* **Problem statement**: The whole listing needs to be written out exactly, except for any images.

* **Supplied data**:
•••••
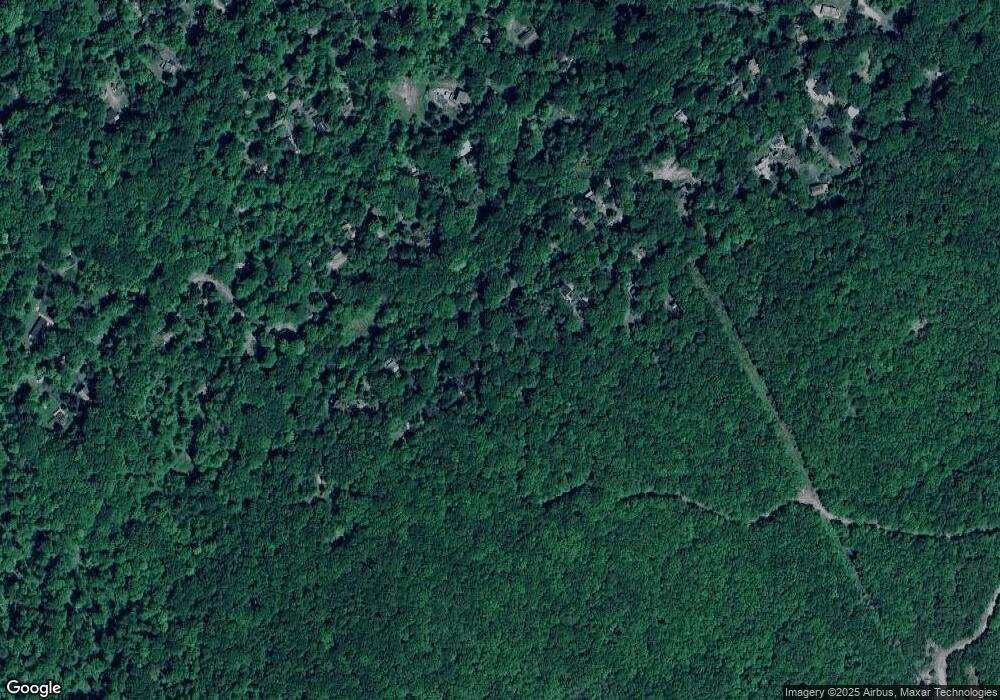 61 Oakwood Trail N, Monroe, NY 10950 - photo 1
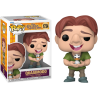 Funko Pop 1734 Quasimodo, The Hunchback of the Notre Dame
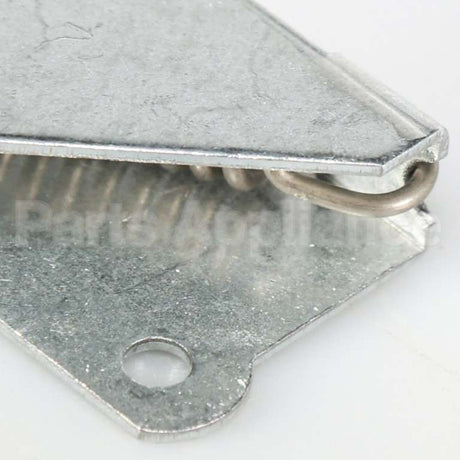 00623375 Bosch Lock-Clamp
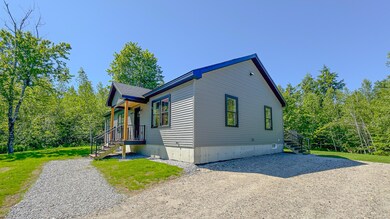 7 moonlight drive-7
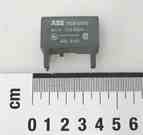 Abb RC5-2 / 250 ABB  RC5 Turkiye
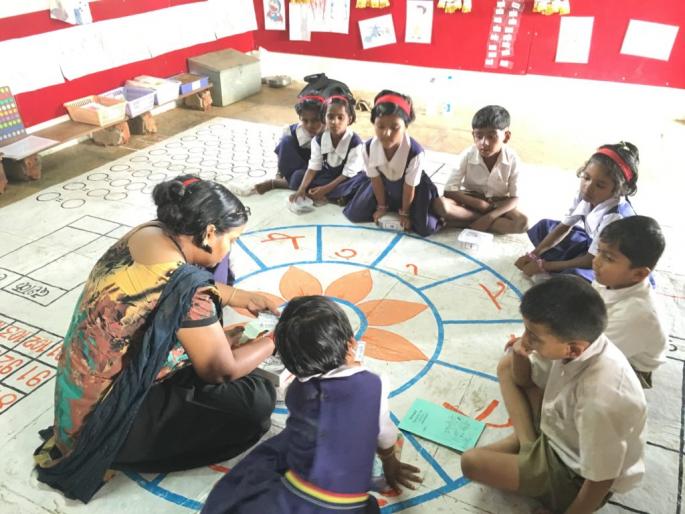 Future teachers 'aptitude' from 12th December; Intelligence testing will be required to be submitted | भावी शिक्षकांची ‘अभियोग्यता’ १२ डिसेंबरपासून; बुद्धिमापन चाचणी द्यावी लागणार Future teachers 'aptitude' from 12th December; Intelligence testing will be required to be submitted | भावी शिक्षकांची ‘अभियोग्यता’ १२ डिसेंबरपासून; बुद्धिमापन चाचणी द्यावी लागणार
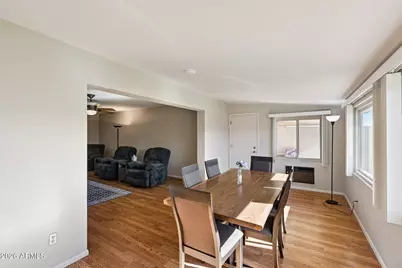 10309 W Corte Del Sol Este --, Sun City, AZ 85351 - Photo 14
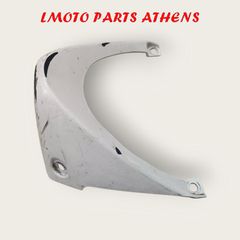 ΚΑΡΙΝΑ INNOVA 125 INJECTION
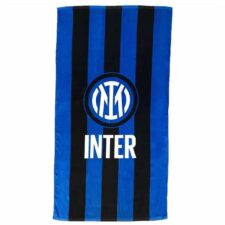 Telo Mare F.C. Inter Ufficiale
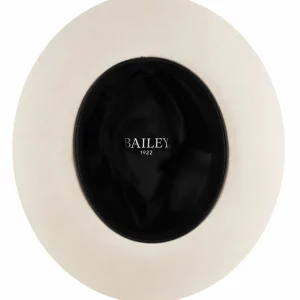 Bailey Hats Fur Felt | Nilson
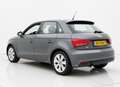 Audi A1 Sportback TFSI 95PK PRO LINE CRUISE/AIRCO/STOELVER Gris - thumbnail 8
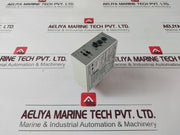 Telco Pa 11 A 303T 24Vdc Photoelectric Amplifier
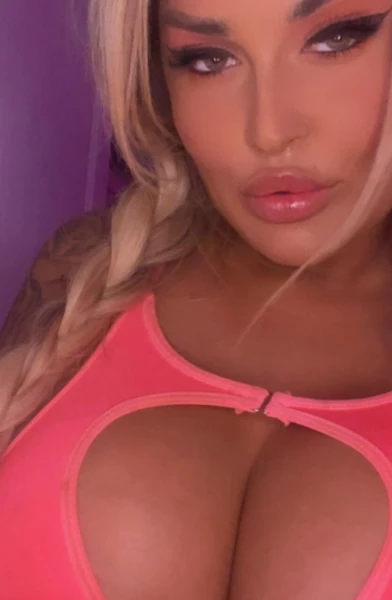 LillyRose🌸🔞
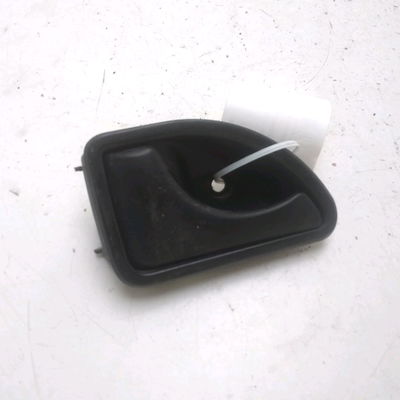 Poignee int porte avg Renault KANGOO Express (FC0-1_) 1.5 dci (2005) 4 portes
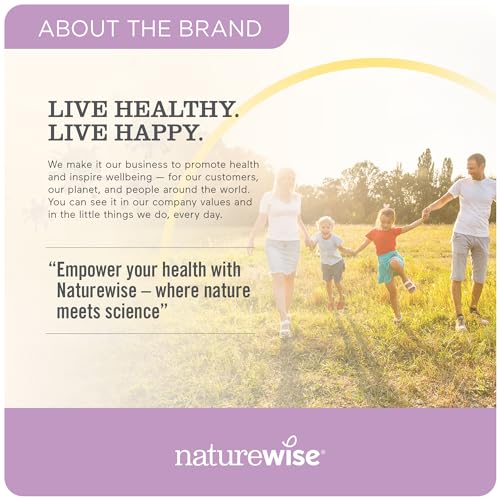 NatureWise Garlic Odorless Softgels 1500mg Support Teeth & Immune System Health NatureWiseUS supplements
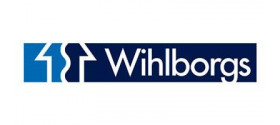 Wihlborgs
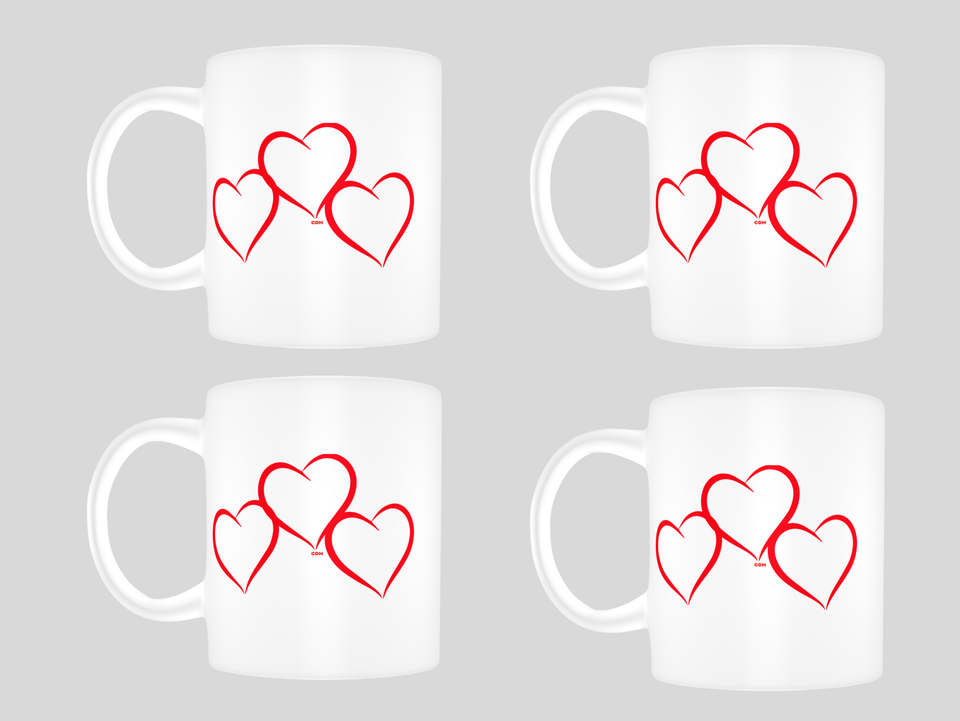 Heart mugs   tote bags .zip   13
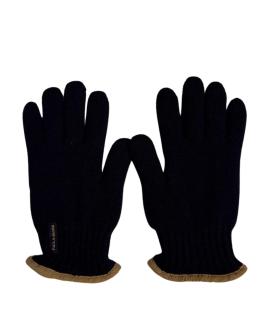 PAUL & SHARK Перчатки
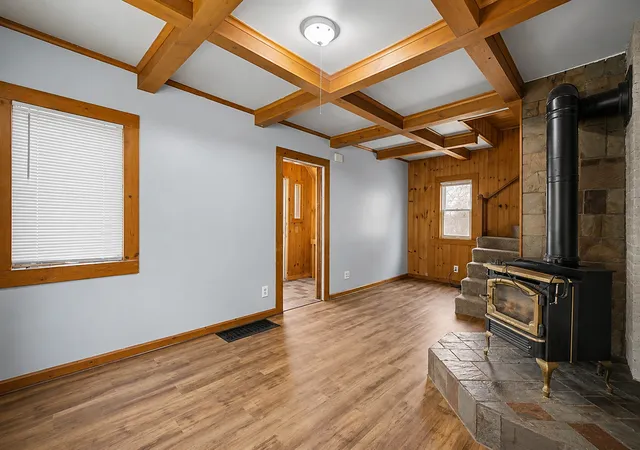 4th image of 502 Park St, Duluth, MN 55803 | MLS# 7112743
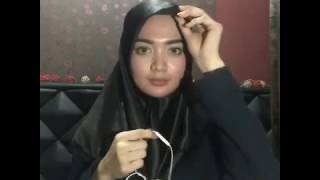 Download lagu Wika Salim feat tepoz ..,dinding kaca... mp3 Download lagu Wika Salim feat tepoz ..,dinding kaca... mp3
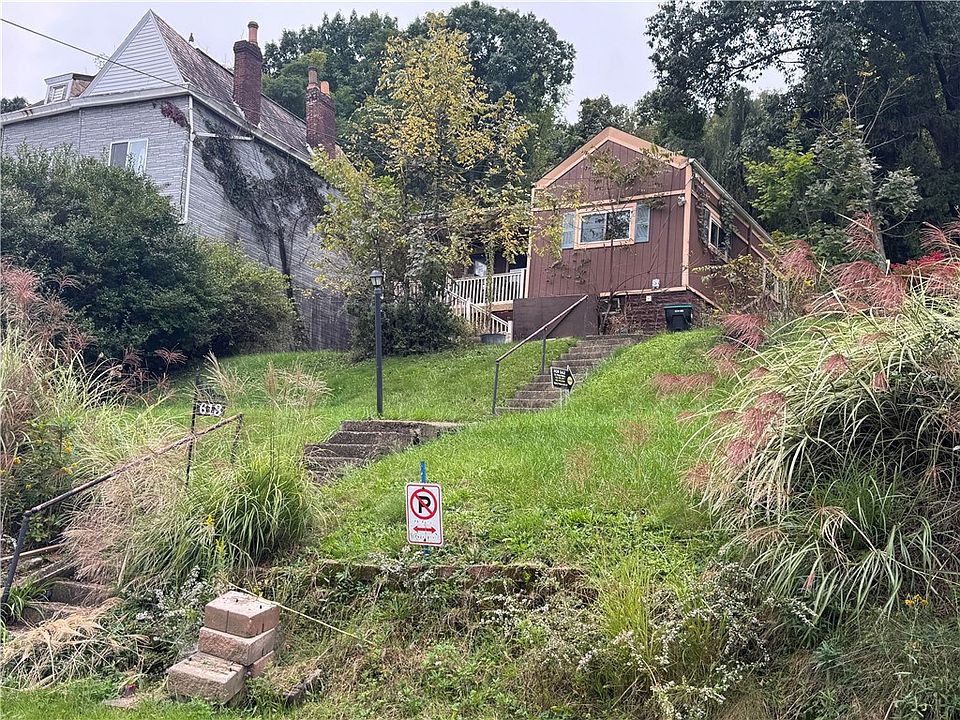 1st image of 613 Stanton Ave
•••••
* **Answer section**:
 61 Oakwood Trail N, Monroe, NY 10950 - photo 1
 Funko Pop 1734 Quasimodo, The Hunchback of the Notre Dame
 00623375 Bosch Lock-Clamp
 7 moonlight drive-7
 Abb RC5-2 / 250 ABB  RC5 Turkiye
 Future teachers 'aptitude' from 12th December; Intelligence testing will be required to be submitted | भावी शिक्षकांची ‘अभियोग्यता’ १२ डिसेंबरपासून; बुद्धिमापन चाचणी द्यावी लागणार Future teachers 'aptitude' from 12th December; Intelligence testing will be required to be submitted | भावी शिक्षकांची ‘अभियोग्यता’ १२ डिसेंबरपासून; बुद्धिमापन चाचणी द्यावी लागणार
 10309 W Corte Del Sol Este --, Sun City, AZ 85351 - Photo 14
 ΚΑΡΙΝΑ INNOVA 125 INJECTION
 Telo Mare F.C. Inter Ufficiale
 Bailey Hats Fur Felt | Nilson
 Audi A1 Sportback TFSI 95PK PRO LINE CRUISE/AIRCO/STOELVER Gris - thumbnail 8
 Telco Pa 11 A 303T 24Vdc Photoelectric Amplifier
 LillyRose🌸🔞
 Poignee int porte avg Renault KANGOO Express (FC0-1_) 1.5 dci (2005) 4 portes
 NatureWise Garlic Odorless Softgels 1500mg Support Teeth & Immune System Health NatureWiseUS supplements
 Wihlborgs
 Heart mugs   tote bags .zip   13
 PAUL & SHARK Перчатки
 4th image of 502 Park St, Duluth, MN 55803 | MLS# 7112743
 Download lagu Wika Salim feat tepoz ..,dinding kaca... mp3 Download lagu Wika Salim feat tepoz ..,dinding kaca... mp3
 1st image of 613 Stanton Ave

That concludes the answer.